We do not know much of the thousands of years between the mound builders and the arrival of white settlement in the early 19th century, but we do know that around 1200 AD a time of profound change took place. According to David Mollenhoff’s Madison: A History of the Formative Years, that change included “new groups of Indians moving into the area… Late Woodland people stopped building mounds when extensive corn cultivation prompted people to develop religious rituals focused more on the fertility of the soil.”
European arrival
The first white settlers found the Ho Chunk tribe (then known as the Winnebago) returning to the area seasonally to harvest rice from the marshes that would later be channeled into the Rock River. A treaty signed by Winnebago Chief White Crow after the Black Hawk War of 1832 ceded the area to the United States government. Today the Friends of Silverwood Park are stewards of the ancestral lands of the Ho-Chunk people.

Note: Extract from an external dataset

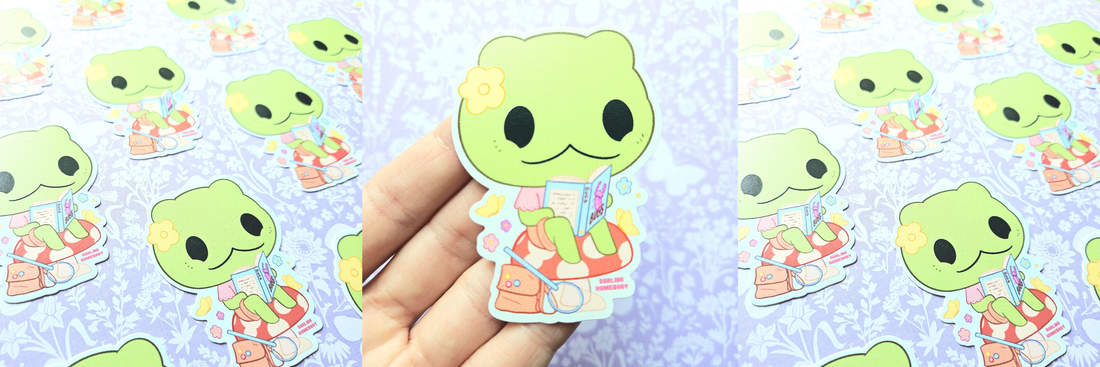 Frog Reading Sticker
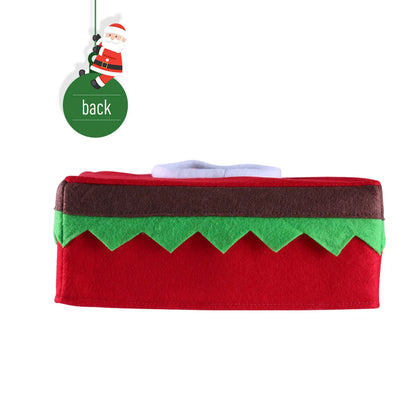 Back view of a festive Christmas tissue box cover with an elf design in red and green colors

Norwegian immigrants were the most numerous to arrive in southeastern Dane County, but the area around Silverwood Park was settled by Yankees. The first European-American settler was Freedman Sweet, who emigrated from Oneida County, New York in 1841. Other settlers began arriving that fall and established what would become the hamlet of Albion. In the 1800s, Albion was a retail center with a general store, a wagon and blacksmith shop, a steam mill that manufactured wagons and sleighs, a harness shop, and a hotel. The Albion community organized a Seventh Day Baptist Church in 1843, which founded Albion Academy in 1854, considered one of the first co-educational colleges in Wisconsin.
Silverwood family farm
George Silverwood came from Yorkshire, England, in 1849 and purchased 100 acres of uncultivated land on the Albion Prairie. John Bullis and his family had come from New York in 1848 and begun farming an adjacent parcel. In 1900 George H. Silverwood purchased the Bullis farm to expand his own. He was primarily a stock farmer, breeding cattle and hogs. He was active in community and public affairs. A son, also named George, took over the farm after George H.’s death. His son, Russell, succeeded him at Silverwood farm, making three generations of the Silverwood family to farm here. Russell Silverwood, born in 1909, died in 1988. His wife Irene Silverwood donated the property to Dane County in 2001.
The Stonehouse Visitor’s Center, previously the Silverwood family home, was built pre-Civil War of locally quarried limestone. Operation Fresh Start of Madison carried out its renovation in 2016 for use as a visitors center.
The farm acreage of Silverwood County Park offers a significant opportunity for agricultural education and demonstration for school groups and the general public. A number of agricultural research projects have been initiated since the park opened in 2015. Read more about education and cultivation projects here.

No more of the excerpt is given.